As Ranking Member, Sewell serves as the highest-ranking Democrat on the Subcommittee, which has jurisdiction over the administration of federal elections.

“Providing oversight over federal election administration and ensuring every American has free and equitable access to the ballot is vital to our democracy,” Sewell said. “I represent Alabama’s Seventh Congressional District, a district with a long, storied history in this country’s struggle for free and fair access to the ballot. I am excited to join this Committee and continue this critical work.”

“Last weekend, we marked the 58th anniversary of Bloody Sunday in my hometown of Selma with President [Joe] Biden, a bipartisan delegation of Members of Congress, civil rights leaders, and many of the surviving Foot Soldiers of the March from Selma to Montgomery,” Sewell said. “This annual pilgrimage serves as a reminder that the violent struggle for voting rights and equal access to the ballot is not one of the distant past. As we sit here today discussing the 2022 midterm elections, we must not lose sight of the fact that the struggle for equal voting rights that occurred on the Edmund Pettus Bridge 58 years ago continues today.”

Many Republicans and supporters of former President Donald Trump question the results of the election, a narrative that Sewell rejected.

“There were successes in the 2022 midterms, to be sure. Millions of Americans cast their ballots, those ballots were counted, and election workers across the country performed admirably despite the threats and harassment they have faced over the last two years,” Sewell said. “The election was secure, as it was in 2020. Those who continued perpetuating the Big Lie that the last presidential election was stolen and who traffic in falsehoods about the security of our elections lost many of their races for critical statewide offices.”

Many states have passed election laws to improve the integrity of future elections following the 2020 controversy. These include voter ID laws, bans on ballot harvesting, bans on curbside voting, paper ballot requirements, advance voter registration, etc. Sewell rejected efforts to make voting more difficult.

“Furthermore, according to the Brennan Center for Justice, in 2022, at least 12 states enacted laws that expand access to the vote,” Sewell continued. “On the opposite side of the spectrum, however, the Brennan Center found that another 12 states enacted restrictive or election interference legislation. We should applaud increases in voter turnout, not respond to them with new restrictions.”

Many on the left claim that tightening voter integrity laws adversely impact minority communities.

“Additionally, while many minority communities overcame barriers to cast their ballot – it does not make those barriers fair, and it certainly does not justify or validate their existence,” Sewell said. “In the years since the Supreme Court’s egregious decision in Shelby County v. Holder, states with a history of voter discrimination are no longer required to preclear their voting laws to ensure they are not discriminatory, allowing a wave of anti-voter laws to be adopted across the country.
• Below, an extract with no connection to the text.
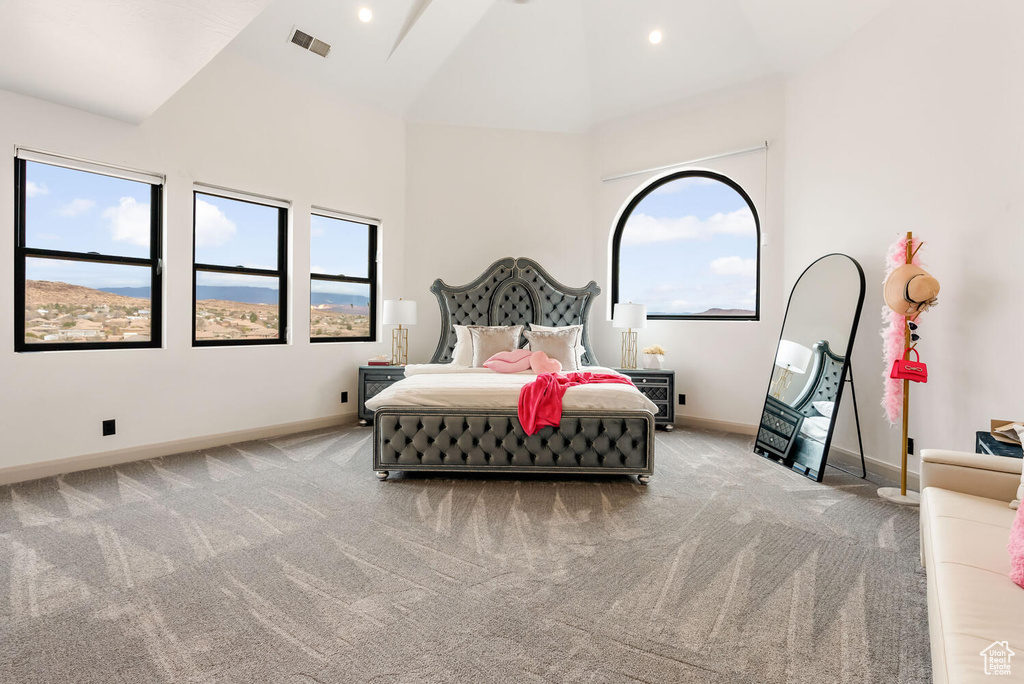Bedroom featuring baseboards, multiple windows, high vaulted ceiling, carpet flooring, and recessed lighting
Today, the Supreme Court continues to dismantle the Voting Rights Act.”

“I am proud to be the lead sponsor of the John R. Lewis Voting Rights Advancement Act, a bill that would update and reinstate the full force of the Voting Rights Act, a law that protected voters from discrimination for more than 50 years. Additionally, House Democrats have repeatedly passed pro-democracy legislation that would protect voters’ access to the ballot,” Sewell concluded.